(RECORDED INFORMATION begins)

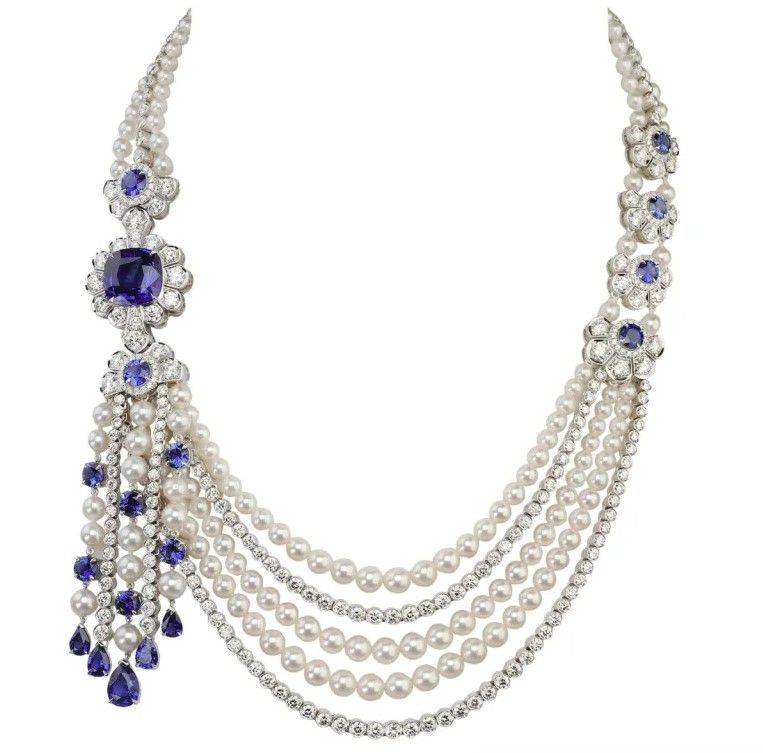 На выставке Crown to Couture в Кенсингтонском дворце будет представлено это ожерелье Garrard с бриллиантами, жемчугом и сапфирами, которое Бейонсе носила в 2013 году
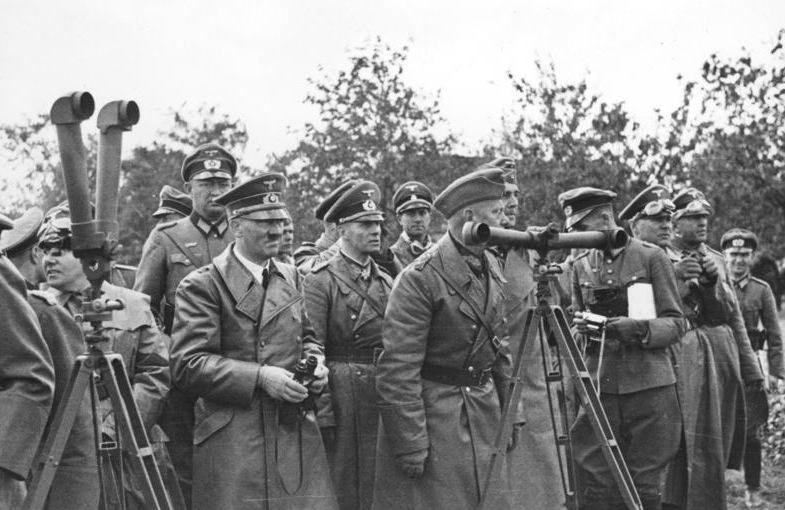 Hitler ze sztabem obserwuje ostrzał Warszawy - domena publiczna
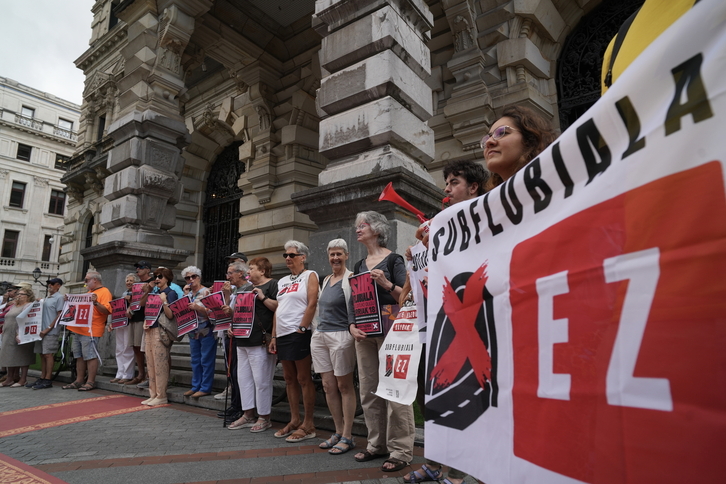 Protesta ruidosa ante el palacio foral, en plena Gran Vía bilbaina.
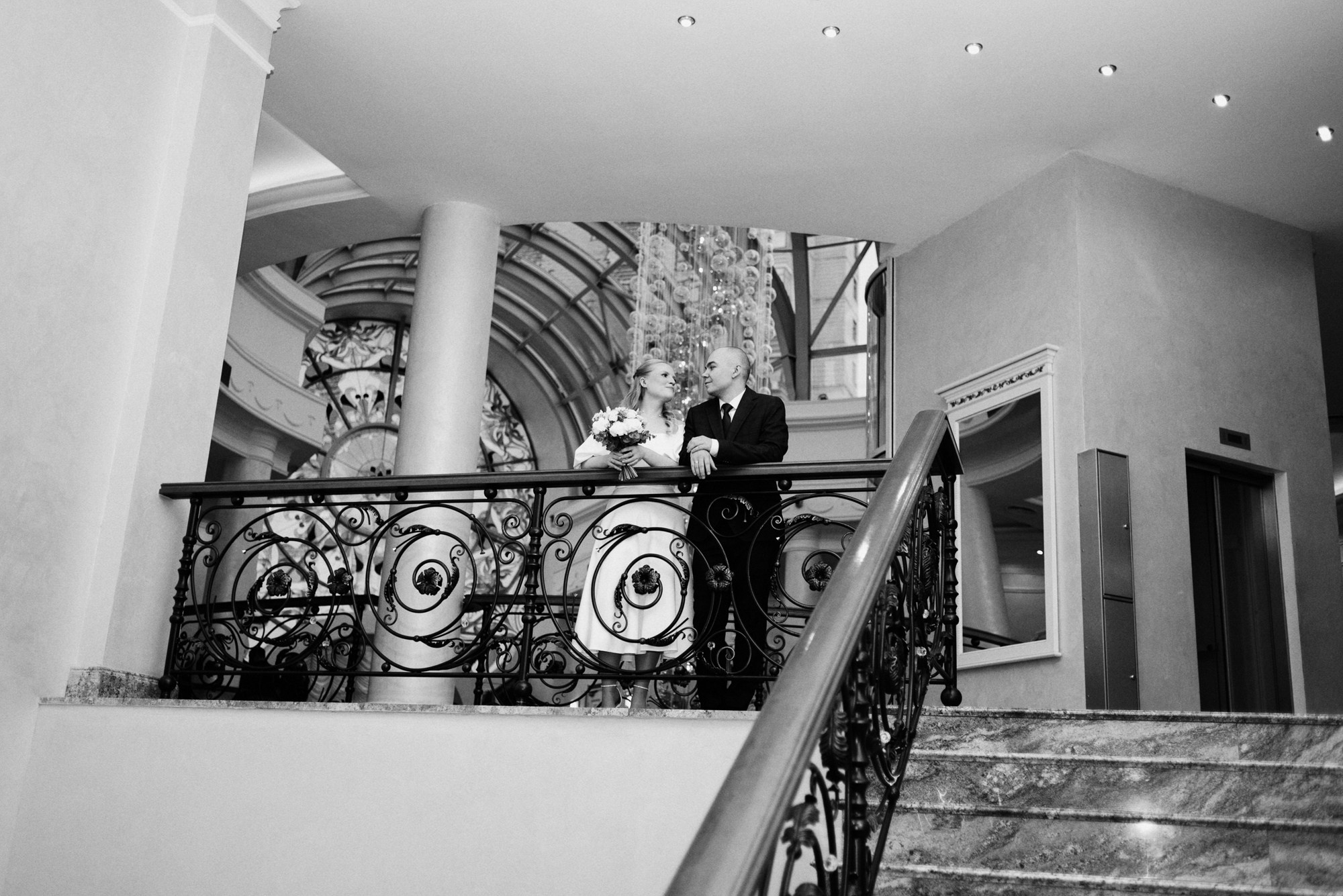 Свадебный фотограф в Тюмени — Фотосессия Максима и Лизы на крыше и в студии. Портретный фотограф Тюмень Дарья Мустафина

(RECORDED INFORMATION ends)

TASK OBJECTIVE: The lines from the one containing "Hitler ze sztabem" through the last line of the data above are to be transcribed exactly, both included, with all pictures left out.

COMPLETED TASK:
 Hitler ze sztabem obserwuje ostrzał Warszawy - domena publiczna
 Protesta ruidosa ante el palacio foral, en plena Gran Vía bilbaina.
 Свадебный фотограф в Тюмени — Фотосессия Максима и Лизы на крыше и в студии. Портретный фотограф Тюмень Дарья Мустафина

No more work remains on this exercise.